I try to keep politics off this blog. That’s the common advice, isn’t it? Not to alienate potential readers by being overtly political. It’s like bringing politics up at dinner parties or with family. There’s something unsavoury about it. Rarely does consensus come out of political conversations unless you are talking to like-minded people.
But then, sometimes politics becomes so inextricably entwined with the daily grind of life that it is hard to crow bar it off the page. It seeps into my waking thoughts and dreams demanding not to be ignored. Those of you who read me – this blog, my fiction or my poetry – know me intimately. My politics cannot be a surprise to you when you read the white space between the lines.
It seems to me that we have become good at revealing our colours to like-minded people. We seek community, live in bubbles of our own making, where challenges are spurned. Within social and traditional media we preach to our own. Our real life friendship groups and social media relationships are more often than not mirror reflections of our own views and interests.
This is natural, but living within an echo chamber is also dangerous. We lose touch with other people’s reality. How many times have you been tempted to unfollow someone because of an opposing view? These clashes of opinion lead to anger and disappointment, rather than curiosity and compassionate listening. I’m as guilty of it as anyone. Once we’ve formed an opinion, it becomes ingrained almost immediately. It’s hard to accept evidence to the contrary; it’s relatively easy to find evidence to back up our own narratives.
From a British perspective, we find ourselves – ten days after the leave vote won the EU referendum – in no man’s land, facing possibly our biggest peacetime challenge. The unpolitical Everyman has become politicised.
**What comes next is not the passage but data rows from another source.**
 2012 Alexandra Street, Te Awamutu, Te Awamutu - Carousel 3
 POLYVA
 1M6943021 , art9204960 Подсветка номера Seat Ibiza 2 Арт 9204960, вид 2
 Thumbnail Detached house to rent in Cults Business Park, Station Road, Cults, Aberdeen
We all have an opinion on whether this was the right or wrong choice. Real concerns have been met with accusations of stupidity, snobbery and hysteria. Rather than settling the question of EU membership once and for all, the referendum and respective campaigns unleashed a rise in hate crime and simmering tensions in communities, between neighbours, families and friends. It stings in a country that many believed to be a beacon of tolerance and openness.
I’ve been increasingly tempted in these past few days, when the political storms show no signs of subsiding anytime soon, nationally we are in disarray at both government and civil society level, and news is reaching saturation point, to retreat into my cocoon, and instead concentrate on the nourishment of family life, writing stories that are unconcerned with the themes playing out in front of us. But our environment and our worries have a way of seeping into our daily lives and onto the page, as if in symbiosis.
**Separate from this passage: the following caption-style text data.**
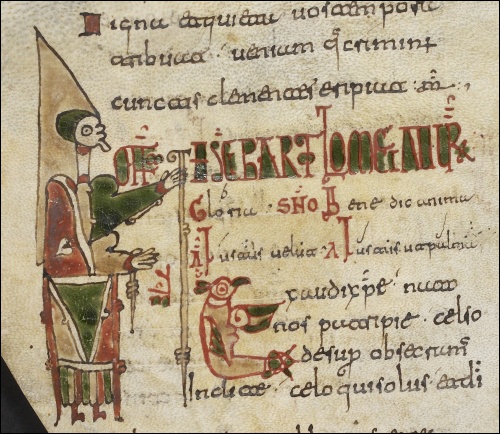 2015_11_27_codexofthemonthX-XI4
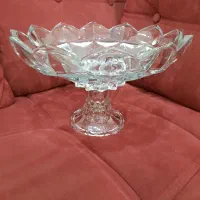 دیس چینی و کاسه چینی و میوه خوری|ظروف سرو و پذیرایی|اهواز, کوی سعدی|دیوار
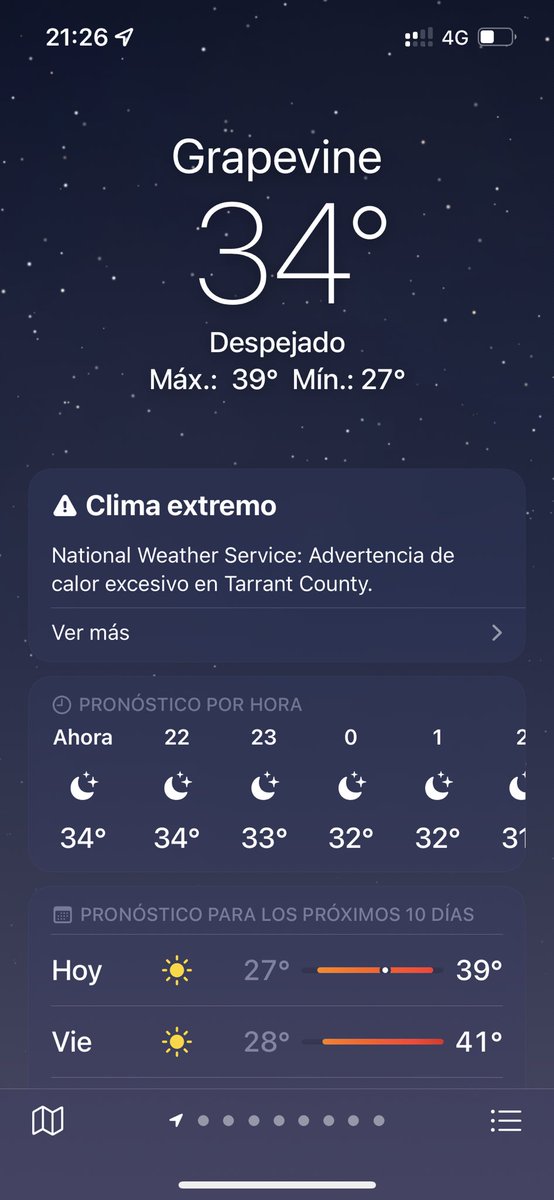 Eddy_Talks's tweet photo. No se pasen! No se pasen!
#HotLikeHell https://t.co/mdXsRltHb2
My worries about racism have plagued my subconscious at night. I turn over in my sleep and notice contrast between my dark-skinned hand and the white bedsheets. Yesterday, I gave a wide berth to a man in the supermarket with my shopping basket, just in case I accidentally bumped him and triggered a racist comment. Such paranoia is not usually mine; it is tied to the mood of the nation.
Photo by Venus Petrov
If these tensions dissipate, it will be because of fatigue, a lack of energy to fight our causes, a resignation and lack of hope about the future. But there can be no doubt what lies beneath the surface, what both government and opposition parties would be foolish to ignore. Alongside the reshaping of our national identity with regards to the EU, they must also grapple with complex questions of racism, democracy, political trust and social mobility.
Complex negotiations lie ahead regarding trade, free movement of people, worker rights, borders and the unity of the existing kingdom. Meanwhile career politicians are stepping back from the fray, shell-shocked, out-manoeuvred, undone. Those at the heads of the respective leave and remain camps can’t press the ejector buttons on their political careers fast enough, to the theme tune of The Benny Hill Show.
One thing is clear. If we find ourselves falling into a Them and Us narrative it should be a signal that we are over-simplifying facts. We cannot retreat into dualism: left vs. right; young vs. old; cities vs. rural areas; working class vs. upper class; black vs. white; nationalists vs. internationalists. Divisions don’t serve anyone well.
Away from the party political manouvres at Westminster and in Brussels, we need to decide what kind of country we will be.